John Werner, president of MAST Vacation Partners called Royal Caribbean’s plan to increase the commission threshold for agents the “second largest commission cut in the history of the industry.”
Werner, a veteran agent and consortia leader, told Travel Agent that: “RCCL's executives have lost sight of the conditions for small and mid-size agencies who may only have a total of a quarter million to as much as a million dollars in annual cruise sales across all cruise lines.”
Royal Caribbean confirmed with Travel Agent that in order for non-affiliated travel partners to maintain a 16 percent commission level, they would have to raise revenues from $1.25 million to $1.5 million in sales. This includes Azamara Cruises, Celebrity Cruises and Royal Caribbean. This is the first time since 1999 that Royal Caribbean Cruises Ltd. has raised its sales commission thresholds.
“These agencies don't grow in one year by the kind of volume RCCL expects," Werner said. "When agencies of this size increase sales, that growth is distributed among more than just one supplier. The plan is unrealistic and causes agencies to lose heart and look elsewhere for better yields.

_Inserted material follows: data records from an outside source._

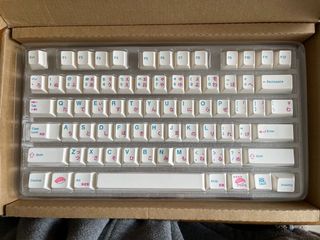 （分類：）位於 。 由 ryanchow2202 提交（商品編號 1076136046，圖片 1）。簡介： 。
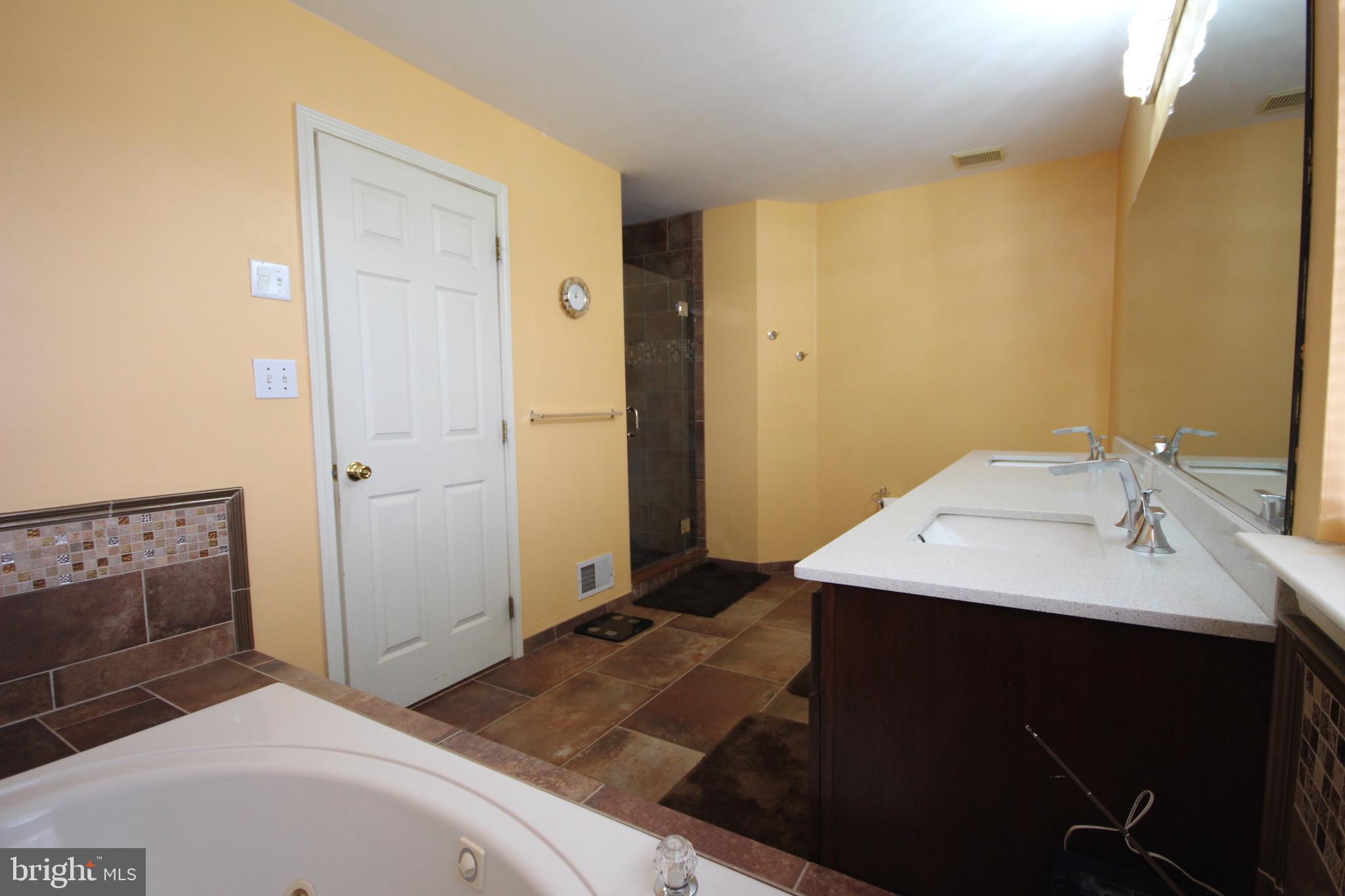 33 Manley Road Pennington, NJ 08534 - Photo 20 of 33 Gallery Image 20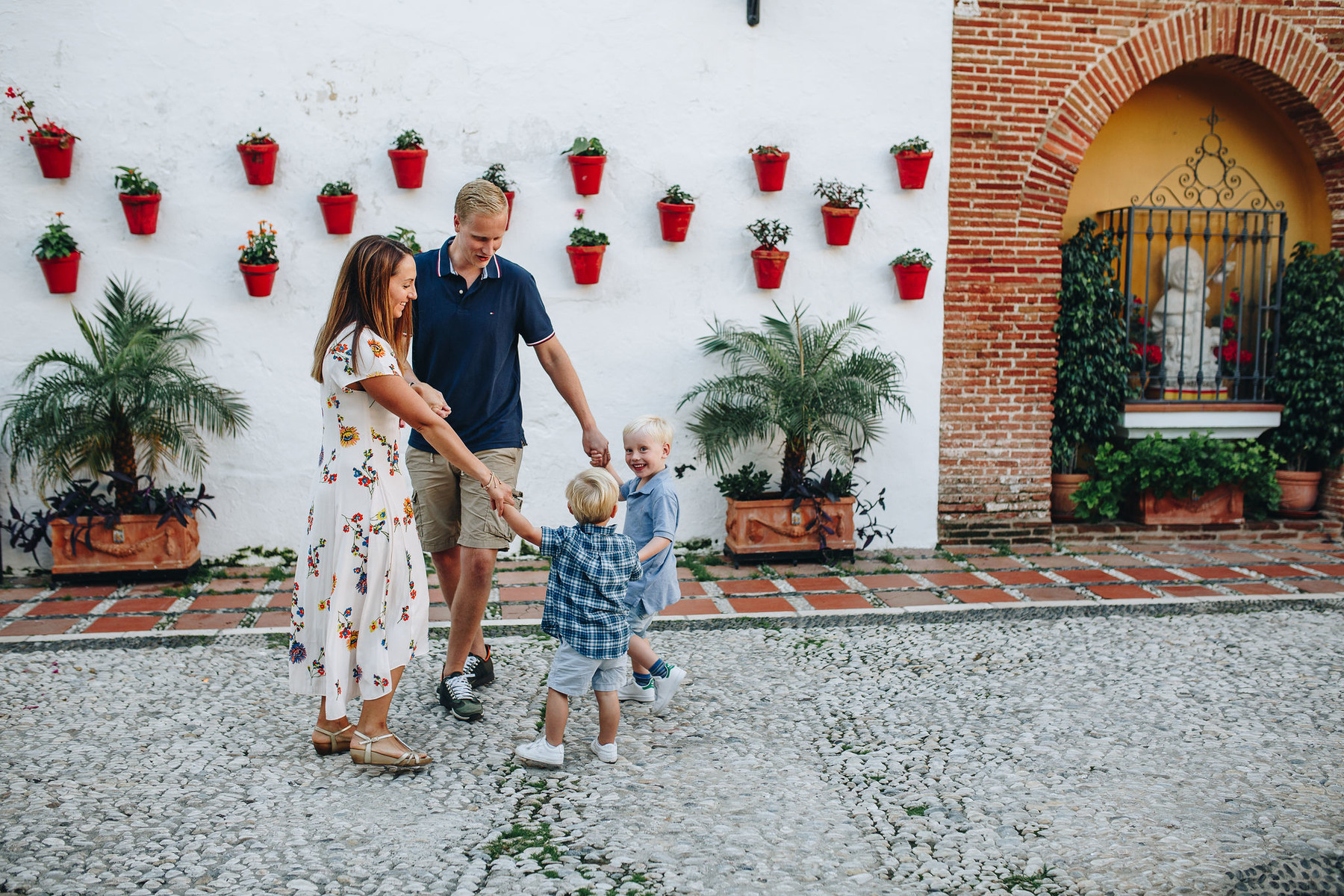 Fotografía de familia en el Centro de Marbella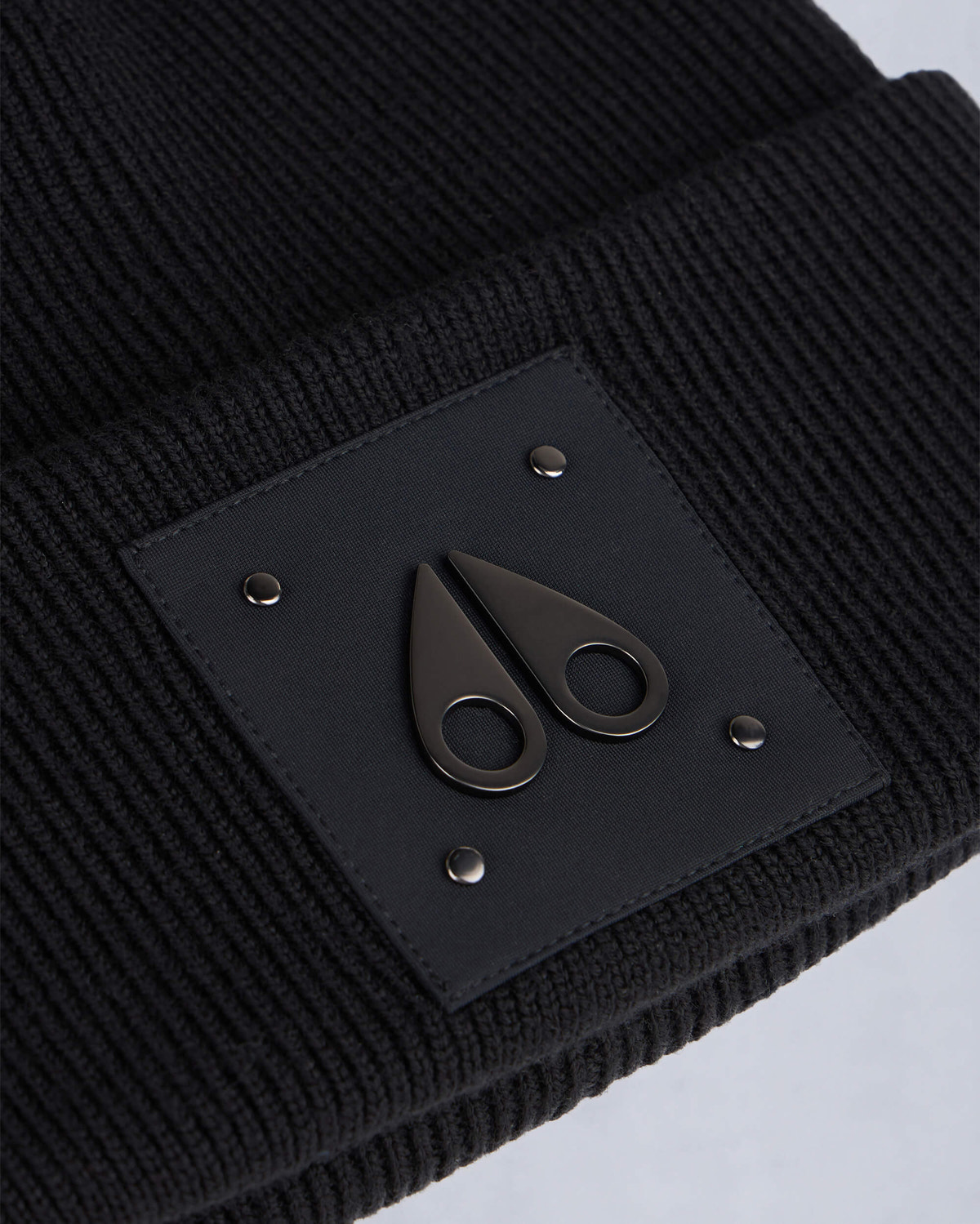 Moose Knuckles - M34MA574 - Logo Beanie Unisex - ACCESSORIES - Black - Detail1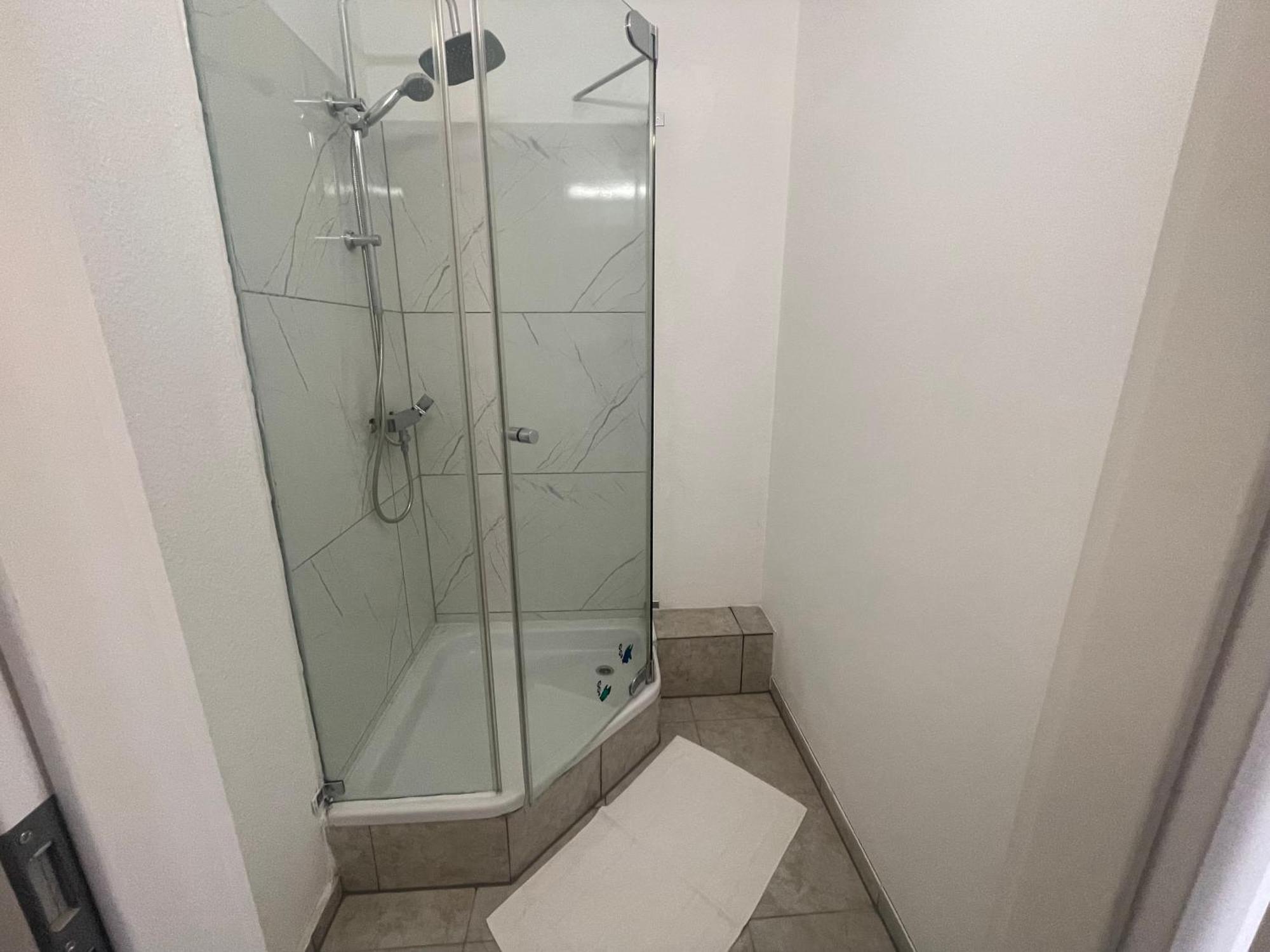 Group Apartment *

“It really sends mixed signals when agencies, with respectable cruise sales, are told their business is very important, they are thanked for their support, but their sales are worth less today so they must accept less commission but keep their volume up,” he said.
Werner said that he anticipated that “other lines will make adjustments but not right away and not by the same percentages.”
MAST Vacation Partners is an agency-owned cooperative with 170 agency locations in eight states.
Werner’s comment followed recent statement by Vacation.com’s Steve Tracas, President and CEO and Travelsavers Jim Mazza, questioning the RCCL decision. At presstime the American Society of Travel Agents declined comment, as did several agencies that cited the sensitivity and confidentiality of their agreements with RCCL.